Used motorcycles are abundant and quite cheap in Korea (600,000 – 800,000 won for a 125cc) and are often the choice mode of transportation for many teachers. Contrary to several years ago where 125CC bikes and under did not require a driving license, all motorized vehicles, including 50CC scooters, require at least a motorcycle license to operate. Being caught driving without an appropriate license will mean that you will be prohibited from obtaining a motorcycle license for at least 6 months or a regular driving license for 2 years. You will also have to pay a fine. For more information, visit the Driver’s License Agency English website.

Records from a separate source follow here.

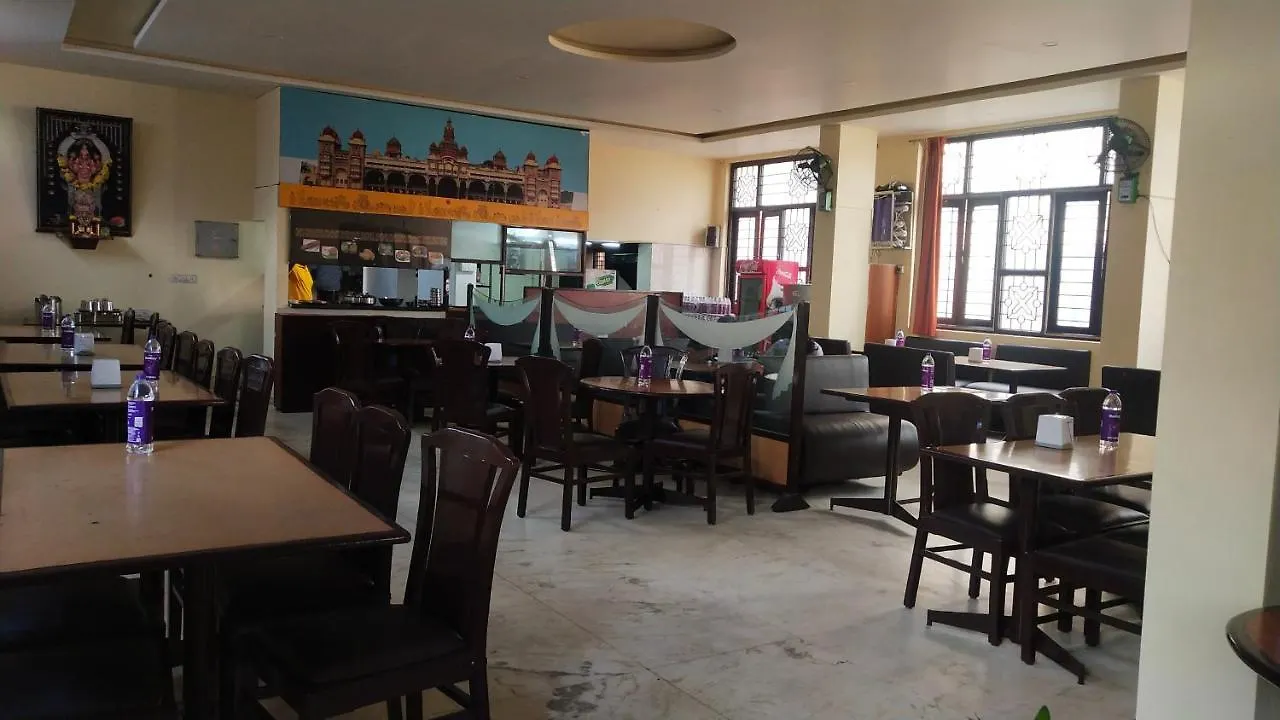 Hotel Vyshak International Mysore 2*,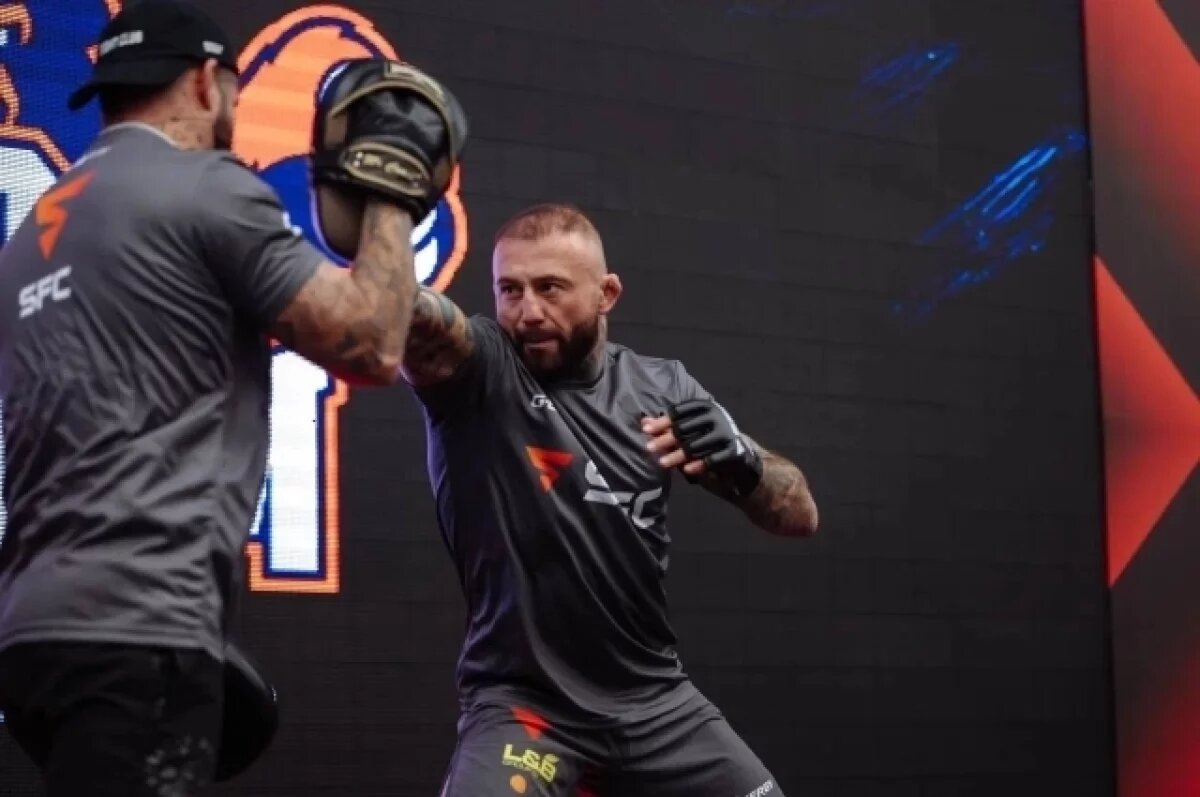    Бойцы SFC вышли на лёд «Авангарда» перед главным турниром года в Омске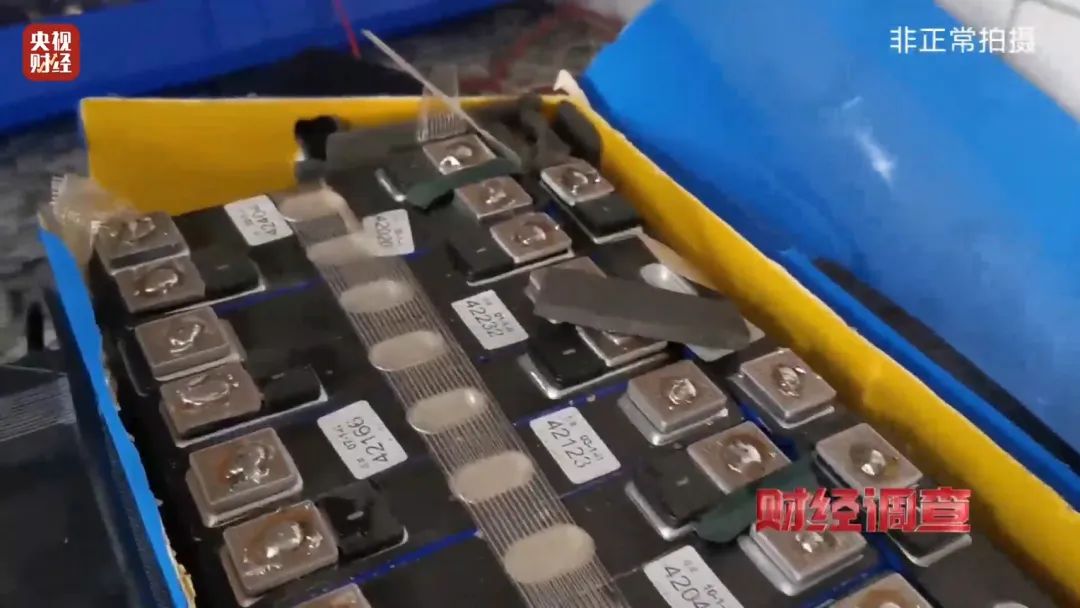 “三无”锂电池黑作坊竟藏身居民楼!央视记者调查现场突然起火 “三无”锂电池黑作坊竟藏身居民楼!央视记者调查现场突然起火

Insurance is mandatory for all cars but not for motorcycles. In Korea, if an accident occurs, the party at fault is responsible for damages, including medical costs if anyone is injured. If the party at fault has insurance, they will only have to pay a portion of the repair and medical costs. However, if the party at fault does not have insurance, they could stand to lose a considerable amount of money. With insurance, repair and injury costs are set by the insurance companies, and accident victims can only claim a pre-determined amount, both for vehicle repairs and for injuries. However, if the party at fault has no insurance, victims can seeks the costliest repair facilities and hospitals, with nearly no limit on what damages they can seek. Insurance is fairly cheap and only gets cheaper each year that you go without an accident and can be easily purchased from one of many insuruance companies or even at a local post office, so it is extremely prudent for anyone driving any kind of vehicle in Korea to purchase a policy.
As a last note, if you have no driver’s license and are involved in an accident, you are automatically at fault, regardless of who was actually in the wrong, and any insurance policy that you may hold may be void for driving without the required license. Furthermore, if the party at fault cannot come to a monetary settlement with the victim(s), they will face criminal charges which can result in huge fines in addition to jail time.
Drinking and Driving
Drinking and driving is never a good idea in any country and Korea is no exception. Korean police are extremely adept at placing breath-test roadblocks at locations that are impossible to avoid once you can see them. Refusal to take the breath-test will result in cancellation of your license. You are legally drunk in Korea when you have a blood-alcohol level of 0.05% or higher. Driving while intoxicated can result in anywhere from your license being suspended for 100 days to being cancelled altogether, and well as you being issued a hefty fine.